15 accessoires utiles à la photographie

Quels sont les accessoires utiles qui peuvent améliorer votre pratique du reportage photo ? Chiffon en microfibre, poire soufflante, trépied, monopode, télécommande, chaufferettes, gorillapod, filtres, expodisc, siège : voici un bref tour d’horizon des accessoires pratiques.

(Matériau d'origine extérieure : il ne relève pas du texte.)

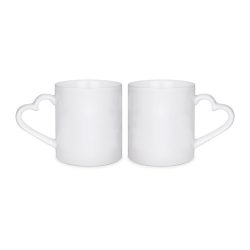 Szublimálható páros bögre szív alakú füllel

1 : Un chiffon en microfibres et une mini serviette

Non pelucheux, antistatique pour ne pas attirer la poussière, et absorbant le gras, le chiffon en tissu microfibres est un accessoire indispensable pour le nettoyage de toutes vos optiques, et éventuellement pour le nettoyage de vos écrans (celui du réflex et celui de l’ordinateur).
Pratique également : une miniserviette, de manière à pouvoir essuyer de temps en temps votre matériel en cas de pluie. Cette petite serviette, plus connue sous le nom de serviette invité éponge, est en coton et mesure environ 30×30 cm ou 30×50 cm. Elle se trouve facilement dans des magasins comme Ikea ou Okay (rayon linge de bain), mais également dans la plupart des grandes surfaces.

2 : Une poire soufflante

Peu onéreuse, une poire soufflante permet d’enlever une bonne partie de la poussière et des particules sur le capteur du boitier et sur les objectifs. Contrairement à une bombe d’air comprimé, l’usage d’une poire soufflante est sans risque pour le capteur. Ci-dessous, une poire de la marque allemande Eyelead.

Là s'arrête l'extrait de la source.